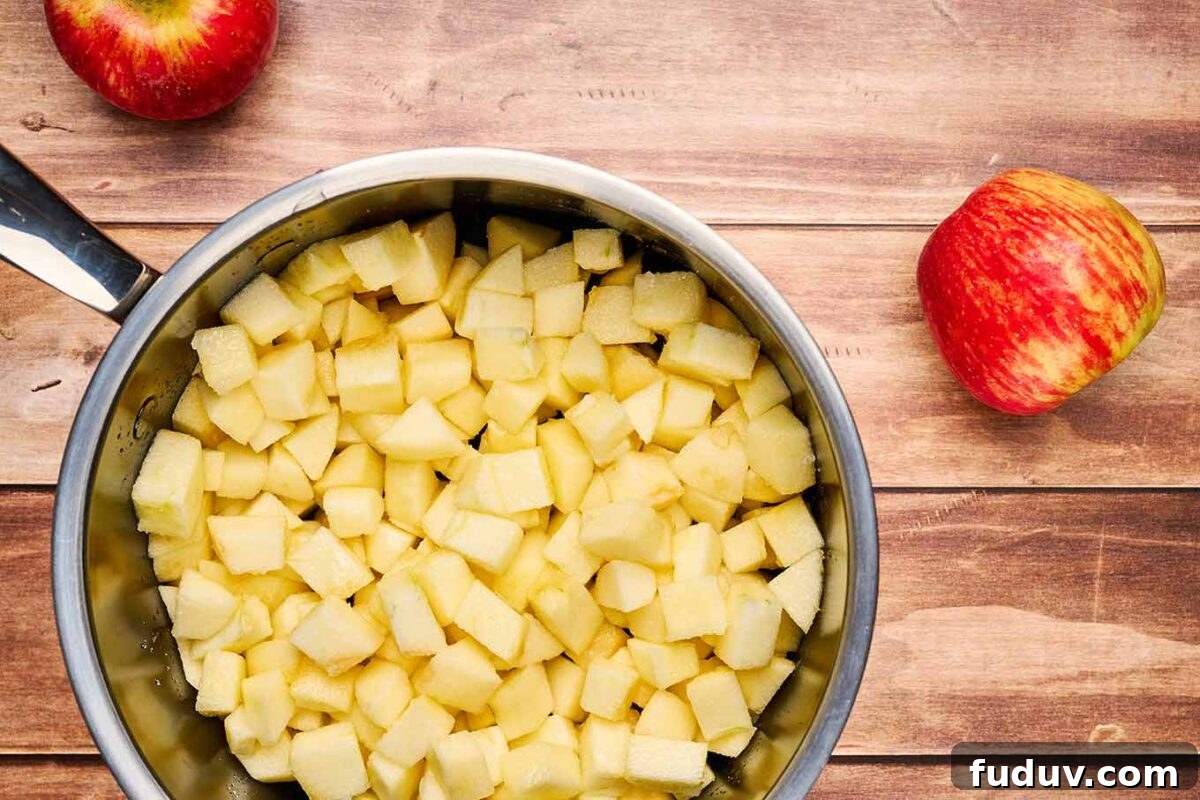 Homemade Cinnamon Applesauce Recipe: Warm Spice & Comfort 4 A photo of chopped apples in a saucepan, demonstrating the proper size of the apple chunks for making homemade applesauce.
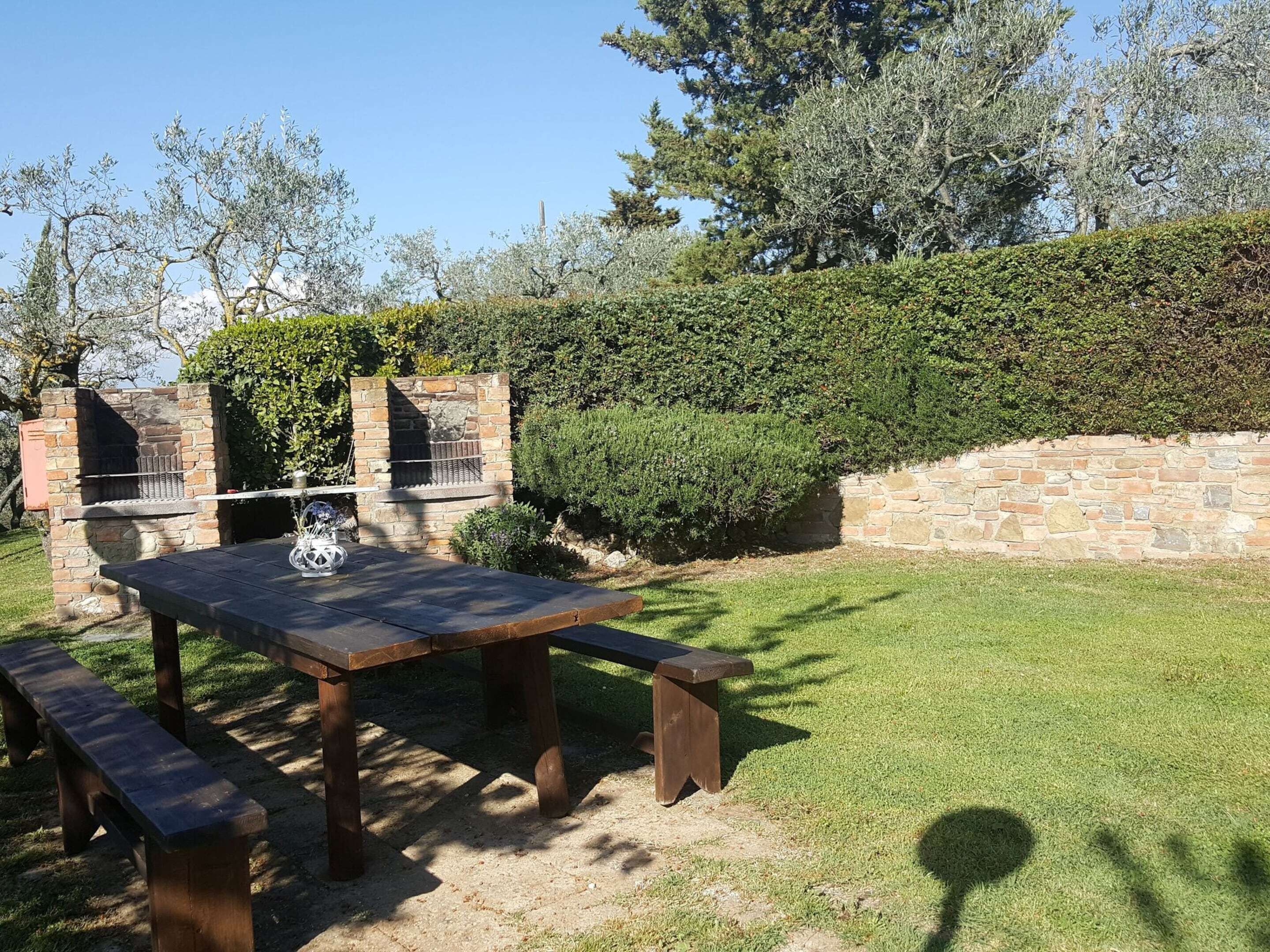 An outdoor patio with a stone barbecue grill, a wooden table, and benches.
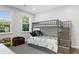 Bright bedroom with a bunk bed, and natural light streaming through the windows at 1130 Plantation Overlook Dr, Moncks Corner, SC 29461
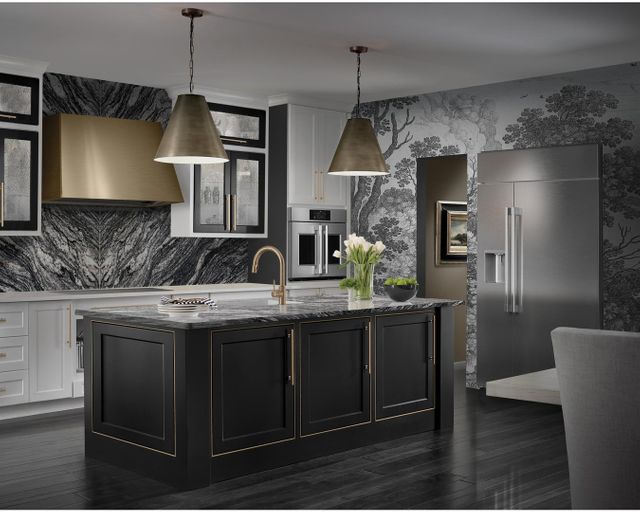 angled view of a modern luxurious kitchen with a black and white theme and a french door wall oven behind a kitchen island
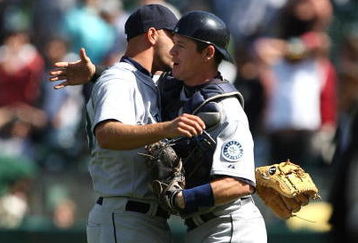 OAKLAND, CA - APRIL 12: David Aardsma  #53 and Rob Johnson #32 of the Seattle Mariners celebrate after defeating the Oakland Athletics during a Major League Baseball game on April 12, 2009 at the Oakland Coliseum in Oakland, California.  (Photo by Jed Jacobsohn/Getty Images)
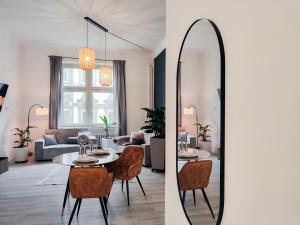 een woonkamer met een spiegel en een tafel en stoelen bij o Loft Studio I 50qm I zentral & ruhig I Messe HBF nah in Essen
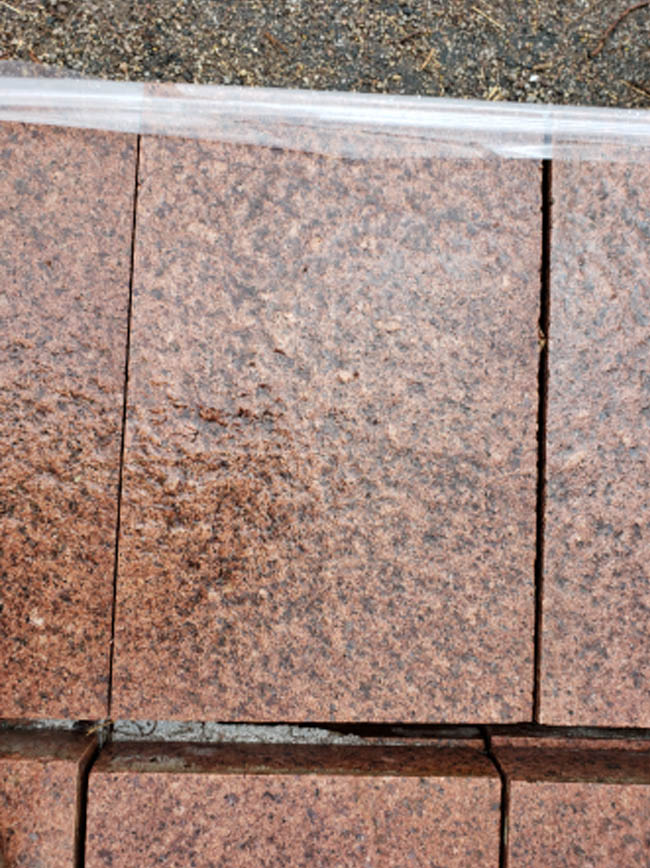 A red granite paving stone from Nicollet Mall.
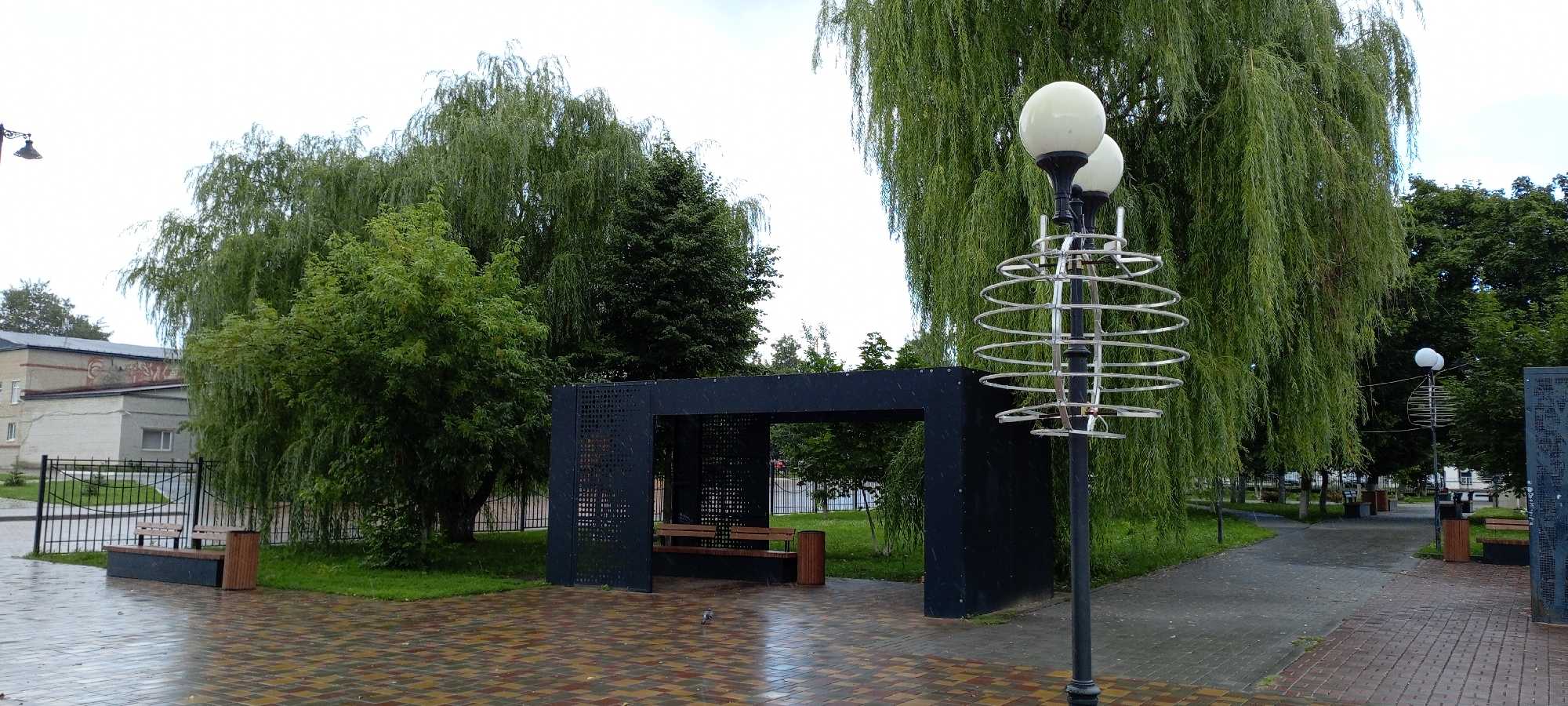 The image shows a public park area in the city of Kirsanov, Russia. In the foreground, a wet, paved walkway with a pattern of colored rectangular bricks leads into the scene. To the left, a bench with a wooden seat and a dark base is situated next to a wooden trash receptacle. Behind this, a black metal fence encloses a grassy area with a smaller tree. Further back, a two-story building with a light-colored facade and some artwork on the upper section is visible.
Dominating the mid-ground is a dark, modern, open-sided pavilion with a slatted roof and walls featuring decorative circular perforations. Inside the pavilion, another bench with a wooden seat is visible.
To the right of the pavilion stands a tall, dark lamppost with two white spherical lamps. This lamppost is adorned with a distinctive silver, spiraling decorative element.
The background is filled with lush green trees, primarily large weeping willows with their characteristic drooping branches, and other deciduous trees. The sky is overcast, suggesting a cloudy day. A single pigeon is visible on the wet pavement in front of the pavilion. The scene appears to be a tranquil, well-maintained public space.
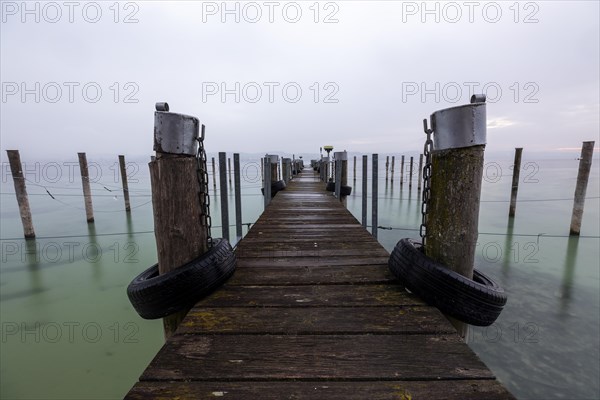 Empty shipping pier in autumn rain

▬▬▬▬▬▬▬▬▬▬

Task: Transcribe every record above exactly as written, leaving out any pictures.

Task solution:
 Homemade Cinnamon Applesauce Recipe: Warm Spice & Comfort 4 A photo of chopped apples in a saucepan, demonstrating the proper size of the apple chunks for making homemade applesauce.
 An outdoor patio with a stone barbecue grill, a wooden table, and benches.
 Bright bedroom with a bunk bed, and natural light streaming through the windows at 1130 Plantation Overlook Dr, Moncks Corner, SC 29461
 angled view of a modern luxurious kitchen with a black and white theme and a french door wall oven behind a kitchen island
 OAKLAND, CA - APRIL 12: David Aardsma  #53 and Rob Johnson #32 of the Seattle Mariners celebrate after defeating the Oakland Athletics during a Major League Baseball game on April 12, 2009 at the Oakland Coliseum in Oakland, California.  (Photo by Jed Jacobsohn/Getty Images)
 een woonkamer met een spiegel en een tafel en stoelen bij o Loft Studio I 50qm I zentral & ruhig I Messe HBF nah in Essen
 A red granite paving stone from Nicollet Mall.
 The image shows a public park area in the city of Kirsanov, Russia. In the foreground, a wet, paved walkway with a pattern of colored rectangular bricks leads into the scene. To the left, a bench with a wooden seat and a dark base is situated next to a wooden trash receptacle. Behind this, a black metal fence encloses a grassy area with a smaller tree. Further back, a two-story building with a light-colored facade and some artwork on the upper section is visible.
Dominating the mid-ground is a dark, modern, open-sided pavilion with a slatted roof and walls featuring decorative circular perforations. Inside the pavilion, another bench with a wooden seat is visible.
To the right of the pavilion stands a tall, dark lamppost with two white spherical lamps. This lamppost is adorned with a distinctive silver, spiraling decorative element.
The background is filled with lush green trees, primarily large weeping willows with their characteristic drooping branches, and other deciduous trees. The sky is overcast, suggesting a cloudy day. A single pigeon is visible on the wet pavement in front of the pavilion. The scene appears to be a tranquil, well-maintained public space.
 Empty shipping pier in autumn rain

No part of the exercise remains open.